According to the New York Times, only 3 percent of Class 8 trucks — the heaviest ones, which include most tractor-trailers — are equipped with any version of collision-avoidance technology, according to safety advocates. These braking features could have prevented the tractor-trailer accident involving Morgan.
Heavy trucks represent less than 10% of the miles traveled by vehicles in the US in 2013. But according to the National Transportation Safety Board these trucks are involved in one in eight of all fatalities on American highways.

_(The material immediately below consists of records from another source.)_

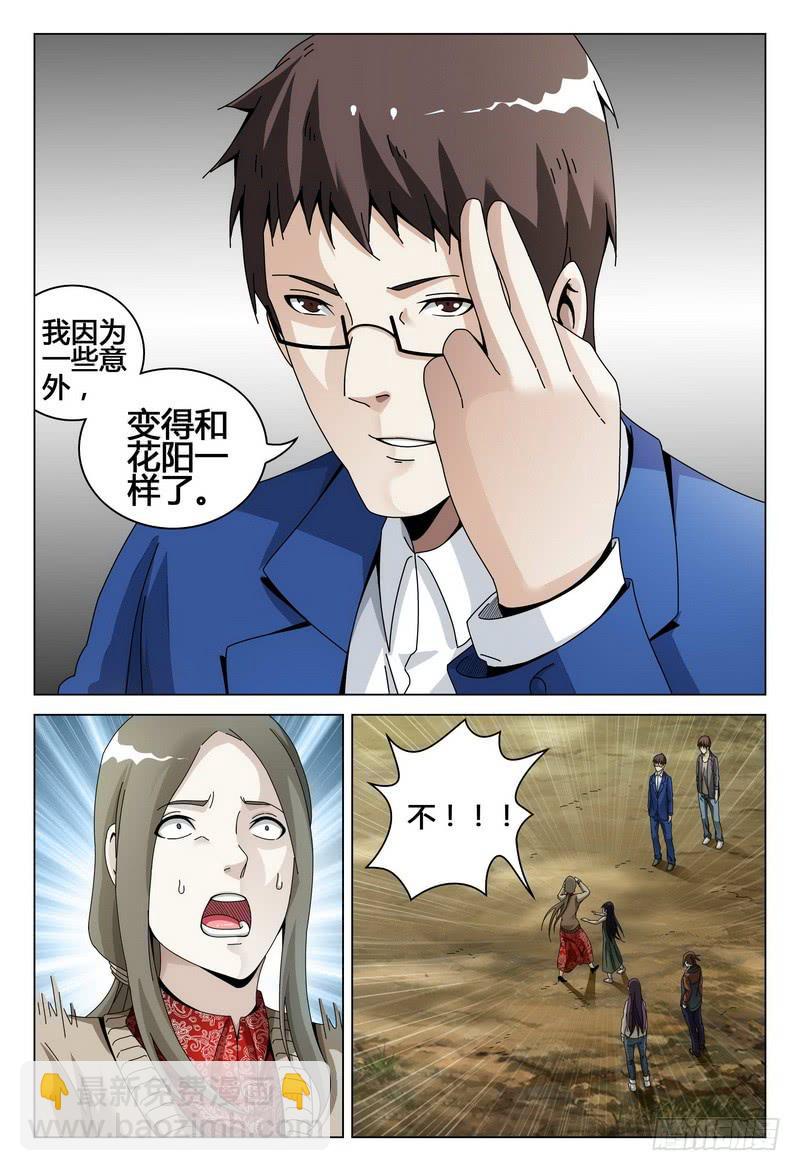 🍴极乐世界 202.故人归 第10页
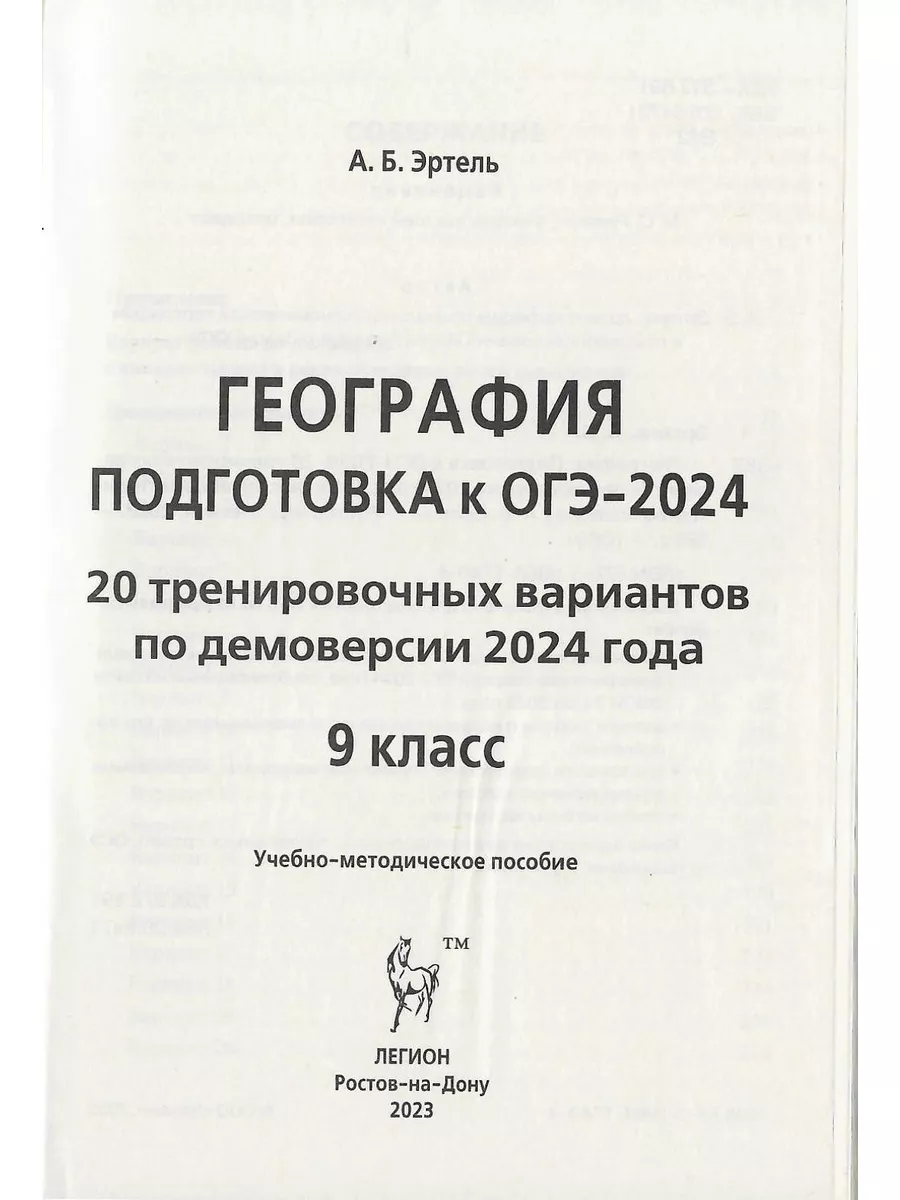 ОГЭ 2024 География. 20 тренировочных вариантов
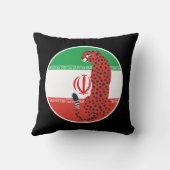 イラン・チーター・イラン国家動物国旗 クッション (裏面)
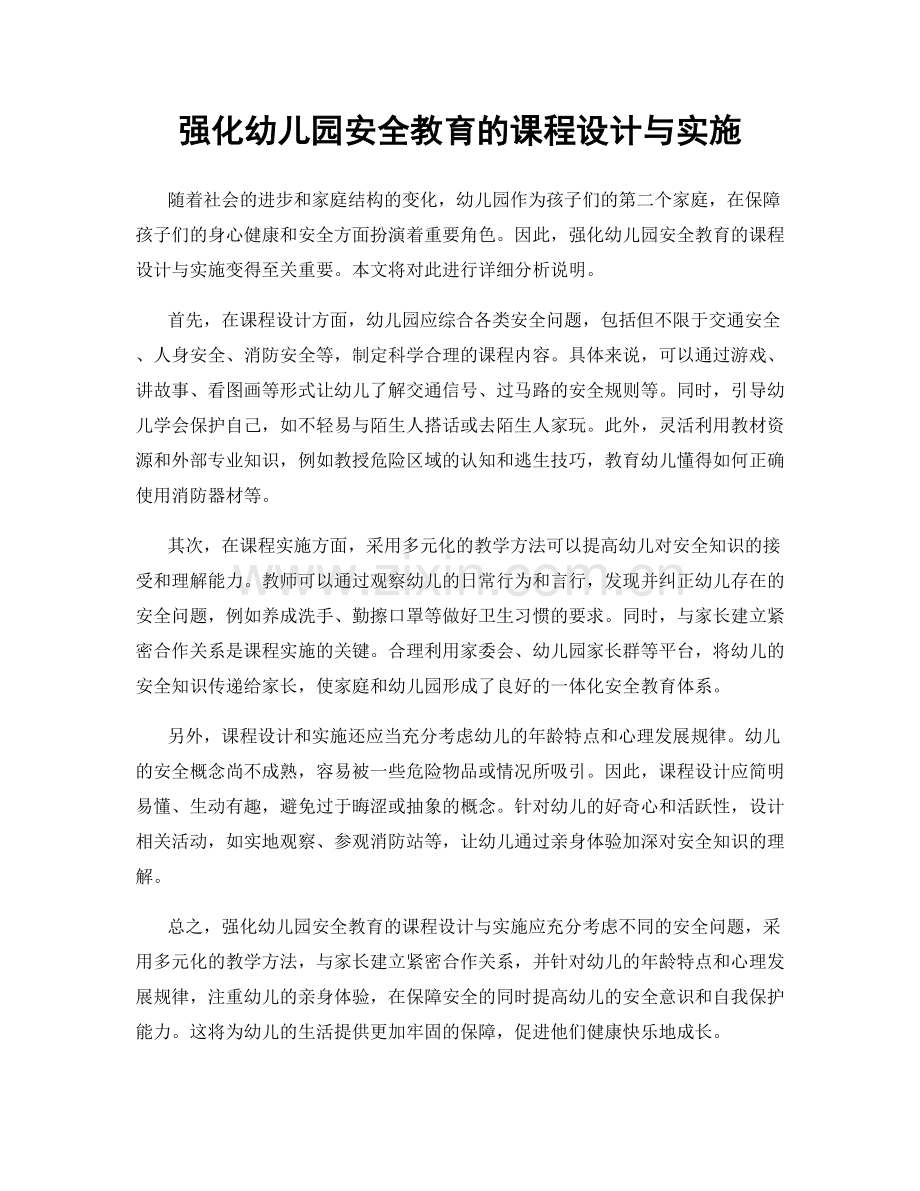 强化幼儿园安全教育的课程设计与实施.docx_第1页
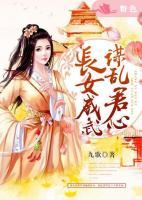 長女威武，謀亂君心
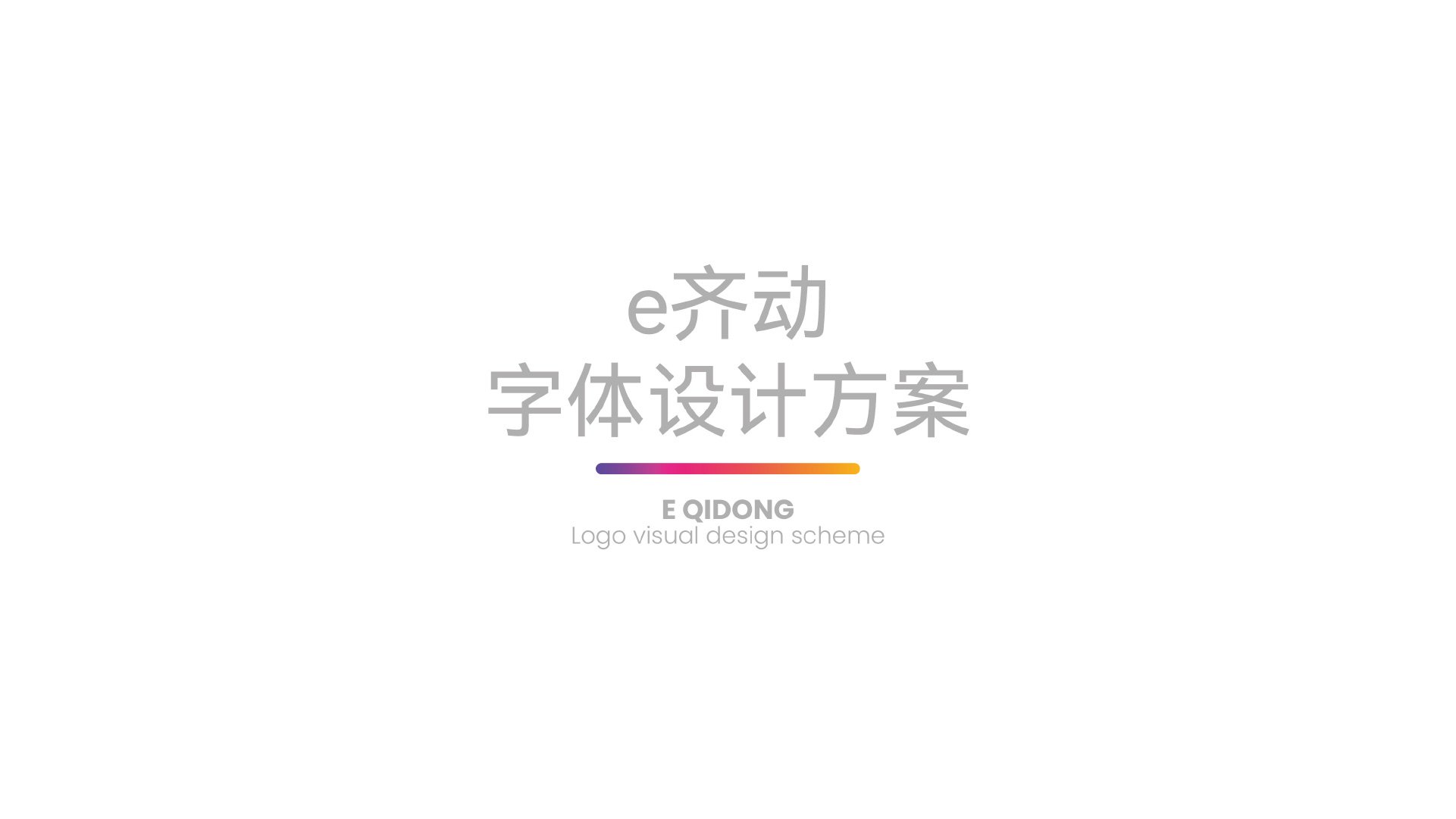 e齐动字体与LOGO视觉设计提案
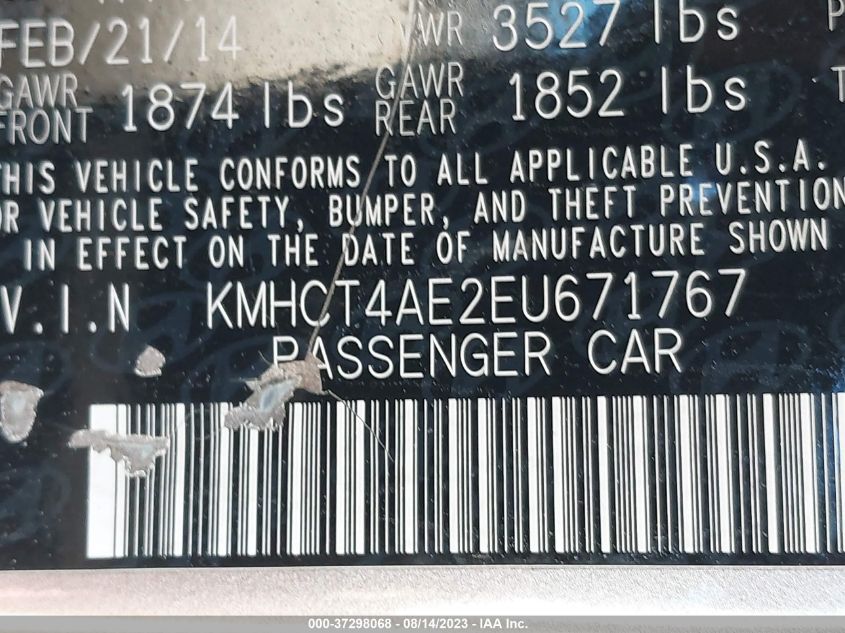 2014 HYUNDAI ACCENT GLS - KMHCT4AE2EU671767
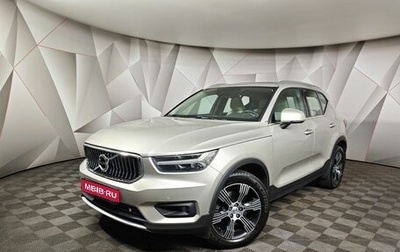 Volvo XC40 I, 2019 год, 2 129 000 рублей, 1 фотография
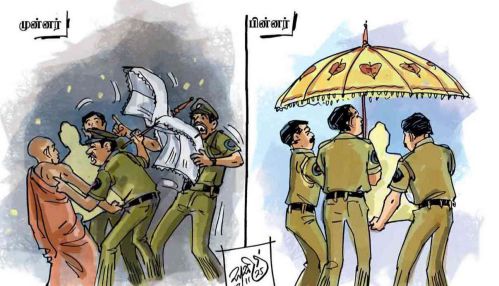 சஜித்தை காட்டிக் கொடுத்த திருமலை ''திடீர் புத்தர்''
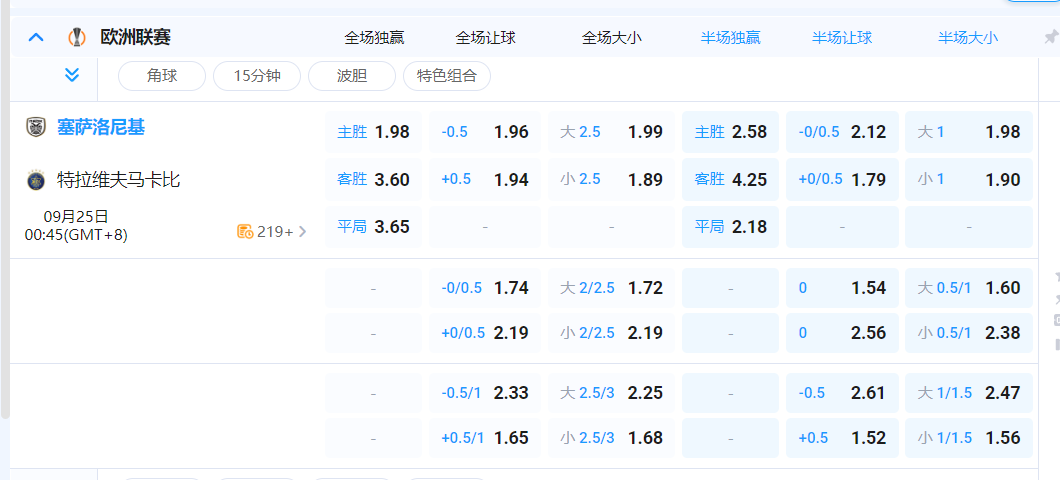 QQ20250924-185801.png
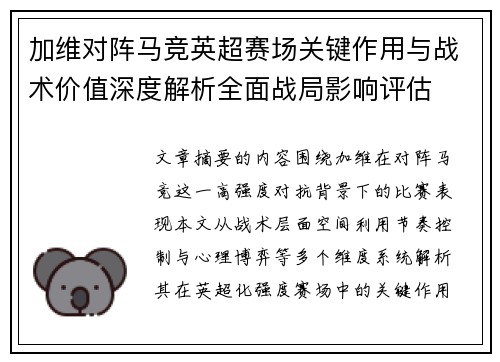 加维对阵马竞英超赛场关键作用与战术价值深度解析全面战局影响评估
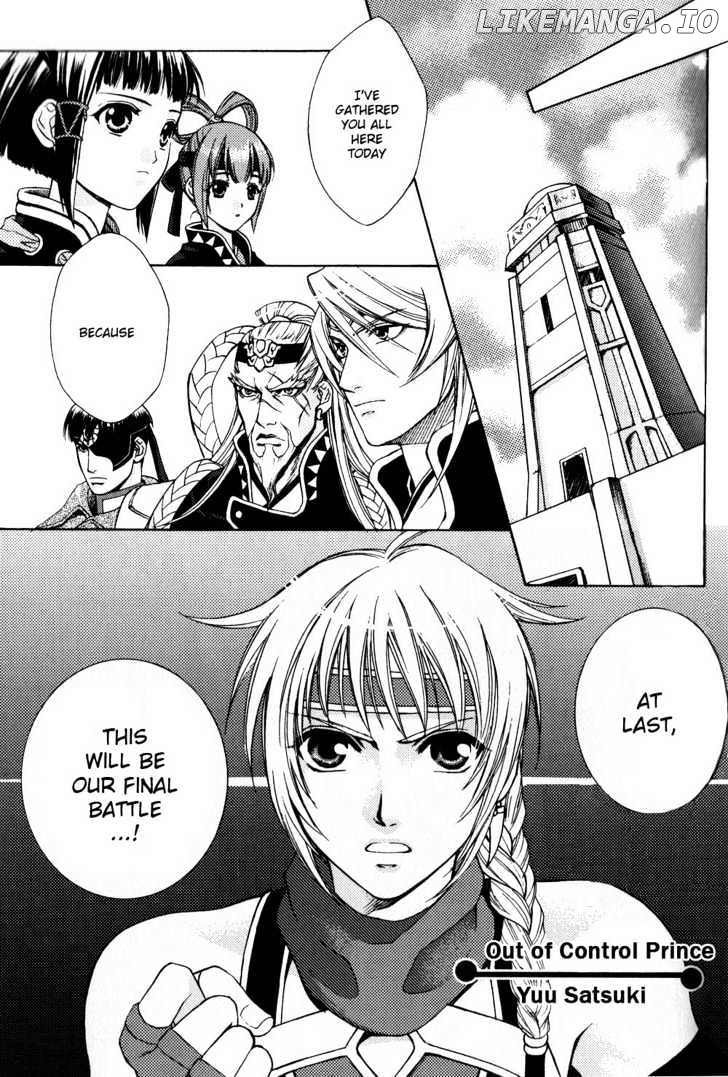 Gensou Suikoden 5 Anthology chapter 1 - page 2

The cars we drive offer, or include, anti-lock brakes, electronic stability control, airbags and collision-avoidance devices. In Europe most heavy, commercial trucks offer the same features. But here in the United States the trucking industry has not begun implementing these features. Why? Profits. They use the excuse we so often hear when a corporation is concerned about profits: these changes would increase costs that would have to be passed down to the consumers. If the trucking industry generates $700 billion in revenue every year, is a relatively small increase in costs, that would save lives, going to bury the trucking industry? What about the costs of accidents, insurance claims, the unmeasured cost of loss of life – all of which should be the concern of Congress, but is not?
How do we push our legislators to demand safety devices be installed in trucks, to not roll-back existing safety regulations, and to protect the majority of drivers on our highways? By contacting your congressional representatives, and if they will not act, vote them out. The trucking industry, in general (not all companies are guilty), needs place more value on safety. There is always a balance in any business—but ultimately we have to hold human life as important. That could be said about the Congress as well as the trucking industry.